The White House effort represented a desire by President Joe Biden to engage with the opposition party on an issue that the Democratic president has made a priority in his early days in office. But the two sides remain far apart on everything from the size of the package to how to pay for it.
White House officials held a call with a group of Republican senators on Friday to hash out some of their differences and present the new draft.
"This proposal exhibits a willingness to come down in size, giving on some areas that are important to the president ... while also staying firm in areas that are most vital to rebuilding our infrastructure and industries of the future," White House spokeswoman Jen Psaki told reporters.
Some aspects that had been removed from the new proposal, such as investments in research and development, would find their way into other bills, she said.
Republican US Senators Shelley Moore Capito, John Barrasso, Roy Blunt, Mike Crapo, Pat Toomey, and Roger Wicker have put forward their own proposal, which is much smaller than the White House version.
They said the White House proposal could not pass Congress with bipartisan support.
"Based on today's meeting, the groups seem further apart after two meetings with White House staff than they were after one meeting with President Biden," the senators said in a statement, adding that they would continue to engage with the administration.

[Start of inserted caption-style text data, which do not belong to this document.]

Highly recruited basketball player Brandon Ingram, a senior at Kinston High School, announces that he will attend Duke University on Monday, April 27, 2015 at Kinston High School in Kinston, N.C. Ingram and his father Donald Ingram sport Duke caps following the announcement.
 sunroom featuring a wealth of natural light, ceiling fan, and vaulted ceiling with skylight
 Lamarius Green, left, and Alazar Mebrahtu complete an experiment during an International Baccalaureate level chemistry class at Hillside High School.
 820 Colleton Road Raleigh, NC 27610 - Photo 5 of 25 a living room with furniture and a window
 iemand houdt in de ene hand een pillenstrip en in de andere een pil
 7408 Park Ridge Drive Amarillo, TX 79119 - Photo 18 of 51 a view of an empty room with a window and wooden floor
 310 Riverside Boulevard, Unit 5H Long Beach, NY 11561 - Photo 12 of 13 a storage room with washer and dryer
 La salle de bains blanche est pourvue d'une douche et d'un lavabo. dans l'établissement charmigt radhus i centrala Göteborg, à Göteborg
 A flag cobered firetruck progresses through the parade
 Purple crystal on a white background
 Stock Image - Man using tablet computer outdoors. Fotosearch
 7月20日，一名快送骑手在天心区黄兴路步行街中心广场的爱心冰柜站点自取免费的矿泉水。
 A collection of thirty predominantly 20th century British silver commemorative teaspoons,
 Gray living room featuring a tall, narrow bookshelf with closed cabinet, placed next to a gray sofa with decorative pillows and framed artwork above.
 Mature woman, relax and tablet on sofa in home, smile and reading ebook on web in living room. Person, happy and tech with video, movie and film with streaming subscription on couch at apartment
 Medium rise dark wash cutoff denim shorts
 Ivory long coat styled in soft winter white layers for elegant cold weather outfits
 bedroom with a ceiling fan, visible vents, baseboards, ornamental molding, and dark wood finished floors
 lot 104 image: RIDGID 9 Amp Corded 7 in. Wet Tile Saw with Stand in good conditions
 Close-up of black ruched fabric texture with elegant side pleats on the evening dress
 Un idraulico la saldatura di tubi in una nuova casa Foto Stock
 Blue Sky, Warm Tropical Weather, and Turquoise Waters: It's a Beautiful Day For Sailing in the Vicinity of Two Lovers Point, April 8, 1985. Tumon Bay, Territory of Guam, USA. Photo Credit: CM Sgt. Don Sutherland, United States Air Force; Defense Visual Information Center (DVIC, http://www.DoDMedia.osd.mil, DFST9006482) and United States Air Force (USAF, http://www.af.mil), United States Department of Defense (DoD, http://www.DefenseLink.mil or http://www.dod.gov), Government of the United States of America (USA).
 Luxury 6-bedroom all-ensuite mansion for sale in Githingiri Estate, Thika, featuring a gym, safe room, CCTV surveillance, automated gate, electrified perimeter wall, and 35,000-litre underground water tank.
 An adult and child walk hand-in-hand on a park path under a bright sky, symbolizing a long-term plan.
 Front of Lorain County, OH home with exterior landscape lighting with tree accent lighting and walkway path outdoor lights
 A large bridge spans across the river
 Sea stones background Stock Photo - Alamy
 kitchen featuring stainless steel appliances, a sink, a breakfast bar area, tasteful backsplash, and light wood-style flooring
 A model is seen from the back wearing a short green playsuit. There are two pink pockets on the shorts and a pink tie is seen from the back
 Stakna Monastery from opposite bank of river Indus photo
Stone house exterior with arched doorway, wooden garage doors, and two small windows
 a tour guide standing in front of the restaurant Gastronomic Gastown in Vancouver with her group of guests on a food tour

A White House memo showed Biden's new proposal would reduce spending on broadband to $65 billion, down from an initially proposed $100 billion.
Spending on roads, bridges and major infrastructure projects would drop to $120 billion, down from Biden's initial proposal of $159 billion but well above Republicans' desired $48 billion.
Psaki said that because the overall cost of the package had come down, the need for "pay-fors" would also be reduced. Biden remained committed to not raising taxes on people making less than $400,000 a year, she said.
The White House plan, which Republicans have decried as too expensive, would seek to address climate change and social issues such as elder care, in addition to revitalizing traditional transportation infrastructure.
It would cover the cost of the investments by raising taxes on US corporations and wealthy Americans. Top Republican lawmakers have said they would not agree to a tax hike.